START Task input

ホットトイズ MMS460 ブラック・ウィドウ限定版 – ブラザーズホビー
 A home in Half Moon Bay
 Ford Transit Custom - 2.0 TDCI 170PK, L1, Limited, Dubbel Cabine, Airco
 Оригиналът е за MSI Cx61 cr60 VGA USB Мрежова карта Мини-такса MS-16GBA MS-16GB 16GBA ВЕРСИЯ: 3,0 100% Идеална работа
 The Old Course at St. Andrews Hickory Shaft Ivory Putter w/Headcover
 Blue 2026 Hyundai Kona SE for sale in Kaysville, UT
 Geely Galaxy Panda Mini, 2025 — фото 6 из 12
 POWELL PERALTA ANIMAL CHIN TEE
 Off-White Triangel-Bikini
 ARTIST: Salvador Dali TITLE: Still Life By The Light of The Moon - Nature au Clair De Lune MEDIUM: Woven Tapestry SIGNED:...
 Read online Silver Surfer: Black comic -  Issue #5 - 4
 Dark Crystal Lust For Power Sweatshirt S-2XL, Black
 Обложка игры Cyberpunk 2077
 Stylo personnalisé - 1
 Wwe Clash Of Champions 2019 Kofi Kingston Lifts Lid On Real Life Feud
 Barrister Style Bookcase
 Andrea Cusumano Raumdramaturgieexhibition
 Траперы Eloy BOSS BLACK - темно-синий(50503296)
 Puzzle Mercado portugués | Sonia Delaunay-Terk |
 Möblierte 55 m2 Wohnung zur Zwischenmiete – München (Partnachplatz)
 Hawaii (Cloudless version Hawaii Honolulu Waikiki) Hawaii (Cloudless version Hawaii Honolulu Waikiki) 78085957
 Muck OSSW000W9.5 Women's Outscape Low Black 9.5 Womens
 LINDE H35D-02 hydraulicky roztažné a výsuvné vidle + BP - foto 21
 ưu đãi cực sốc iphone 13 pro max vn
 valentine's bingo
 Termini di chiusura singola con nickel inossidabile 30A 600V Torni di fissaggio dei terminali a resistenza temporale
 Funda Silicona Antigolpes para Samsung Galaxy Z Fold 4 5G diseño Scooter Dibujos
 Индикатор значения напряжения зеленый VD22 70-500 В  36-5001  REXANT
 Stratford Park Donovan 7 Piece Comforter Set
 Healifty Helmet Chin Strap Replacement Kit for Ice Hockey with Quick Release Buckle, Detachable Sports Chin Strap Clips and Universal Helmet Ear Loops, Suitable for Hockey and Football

END Task input

- _Work instructions_
Starting with the line with "Blue 2026 Hyundai" above and going on through the line with "Stylo personnalisé - 1", transcribe every line exactly, both ends included, and add nothing.

- _Response area_
 Blue 2026 Hyundai Kona SE for sale in Kaysville, UT
 Geely Galaxy Panda Mini, 2025 — фото 6 из 12
 POWELL PERALTA ANIMAL CHIN TEE
 Off-White Triangel-Bikini
 ARTIST: Salvador Dali TITLE: Still Life By The Light of The Moon - Nature au Clair De Lune MEDIUM: Woven Tapestry SIGNED:...
 Read online Silver Surfer: Black comic -  Issue #5 - 4
 Dark Crystal Lust For Power Sweatshirt S-2XL, Black
 Обложка игры Cyberpunk 2077
 Stylo personnalisé - 1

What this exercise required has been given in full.